Siné is an alum of legendary political magazine Charlie Hebdo, which was attacked in 2015 by two terrorists tied to Al-Qaeda. But he wasn't someone who went on to different things—according to RFI, he was fired from the magazine for making antisemitic remarks about the son of French president Nicholas Sarkozy. According to French-language comics news site Actua BD, Siné was asked by his management to write an apology for the cartoon. When he refused, he was fired.

What this story misses is that Siné's views were already considered questionable after an anti-Israel tirade on a radio show decades before. He issued an apology for that, and was declared not guilty of inciting racial hatred through his remarks. He even won a lawsuit for wrongful termination from Charlie Hebdo was was awarded between 40,000 and 90,000 euro (depending on sources). But despite all of this, Siné retained a cult following for his cartoons mocking the French government and religious figures.

Great political cartoons, seven years too early

Jeremy Nell, a.k.a. JERM (political cartoonist nicknames rule), may be the unluckiest guy in South Africa. According to PRI, He was fired from his position at The New Age in 2012 for basically just doing his job. He drew editorial cartoons about the African Ruling Congress and then-President Jacob Zuma, who served as president of South Africa from 2008 until 2019. But like so many on this list, his targets were just a little too cozy with his paper.

Zuma is widely recognized as a controversial figure today. Al-Jazeera reports that his rap sheet goes all the way back to the 1990s, with charges ranging from arms dealing to bribery. As of 2019, he has yet to be tried in a court in any conclusive way. The guy just keeps appealing and angling for delays.
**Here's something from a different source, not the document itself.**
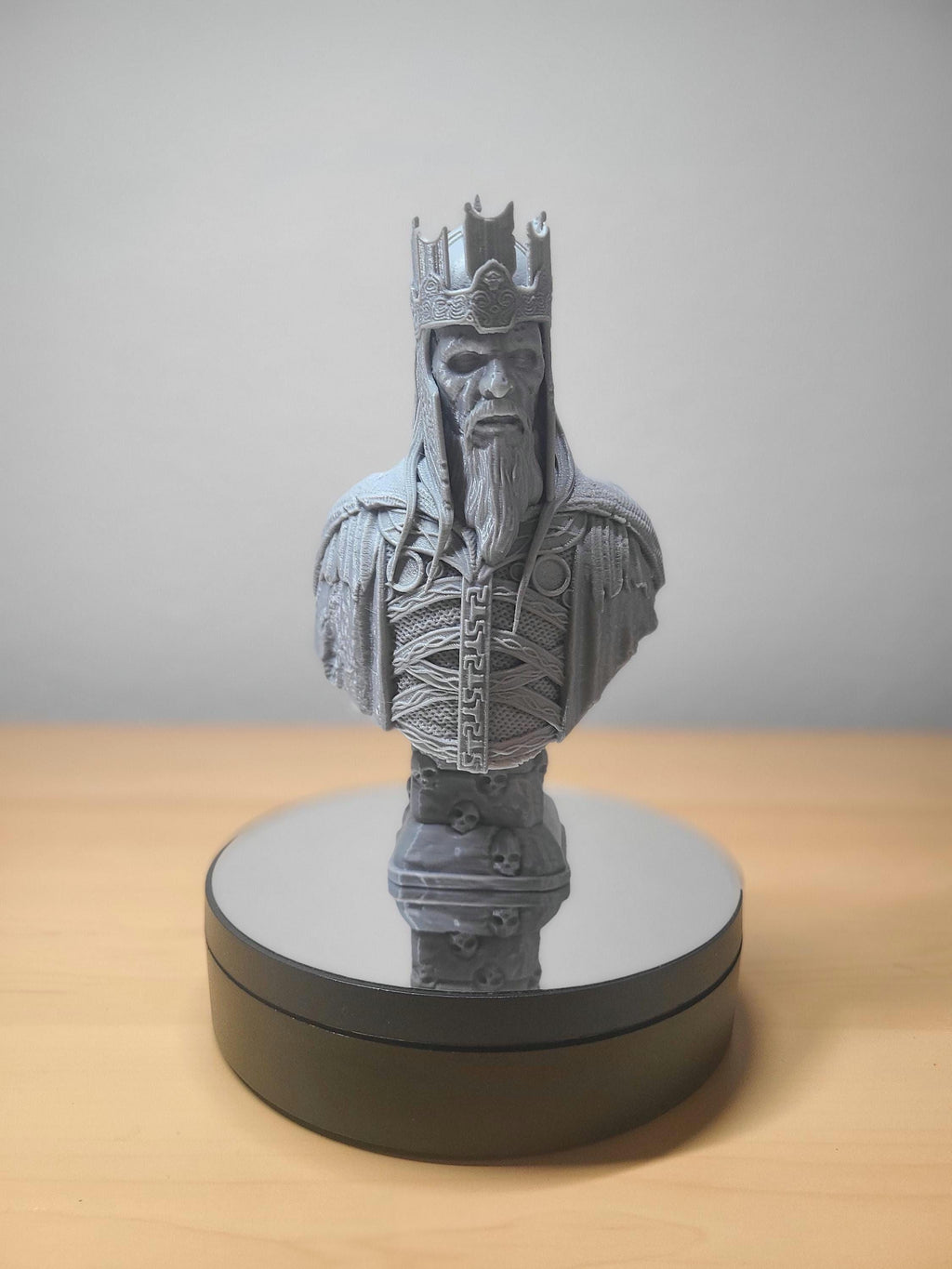 King of the Dead Bust – Haunting Lord of the Rings Collectible
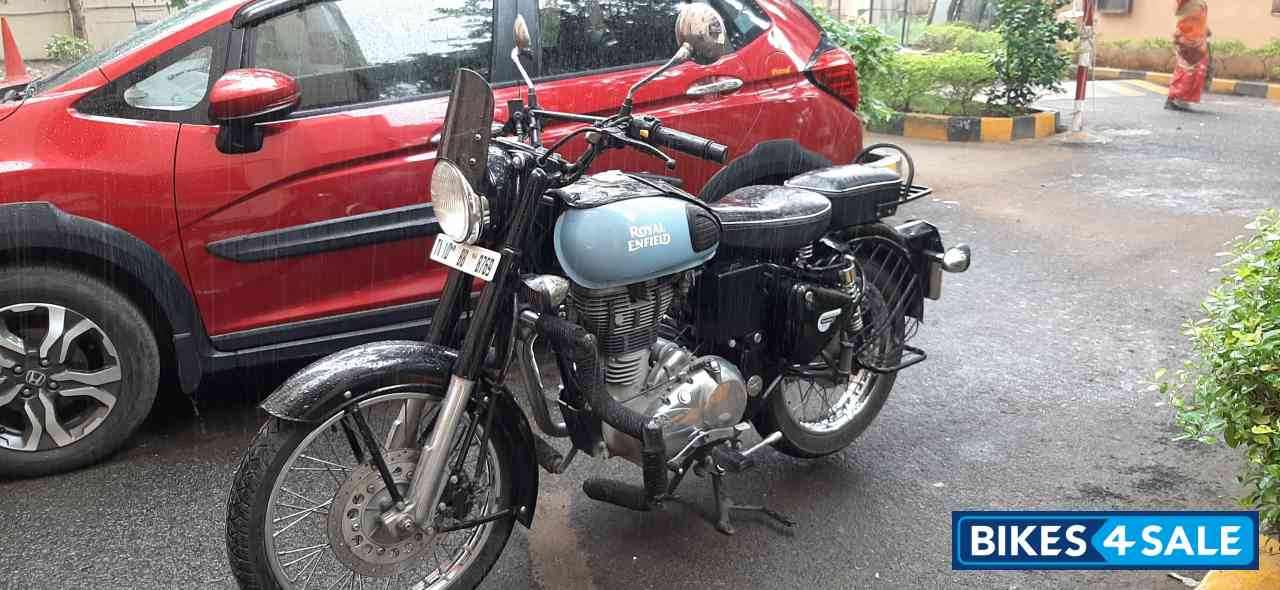 Blue Royal Enfield Classic 350 Redditch Blue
But it was a different world in 2012, and Zuma had ties to the owners of The New Age, so JERM got the boot. But he found a new gig at Africa's biggest TV network, according to BizCommunity. He even went on the record to drag "dwindling" print media and say how excited he was to now join digital media, the future of cartooning.

Gado, king of the (benevolent) trolls

Africa produces some of the best troll-style political cartoonists, which is absolutely meant as a compliment. Reuters reported in 2016 that Godfrey "Gado" Mwampembwa was fired from the newspaper the Daily Nation after working there for 23 years. The word was that Gado's tenure was just coming to a "natural" end. But he and many others suspected otherwise.

Gado already had a bit of a reputation for fiercely going after people in power before the Daily Nation fired him. He had founded a satire-based puppet show called XYZ at the time of his firing. Kenyan president Uhuru Kenyatta tried to sue Gado's paper because of one of his cartoons before the dude had even been elected president. The cartoon, which was published in the Daily Nation's sister publication the East African (and reprinted in the New York Times Review of Books), that sent Gado on a sabbatical and then to unemployment showed the president of Tanzania at the time lounging around like a Greek god. He's being fed by women labelled Corruption, Cronyism, and Incompetence. The paper was banned entirely from Tanzania for a time, which is funny considering Gado is a Tanzania native.

But Gado's doing just fine. The Financial Times reported in 2017 that he was still drawing and had intentionally moved closer to the president's home after losing his job. A political troll's job is never done.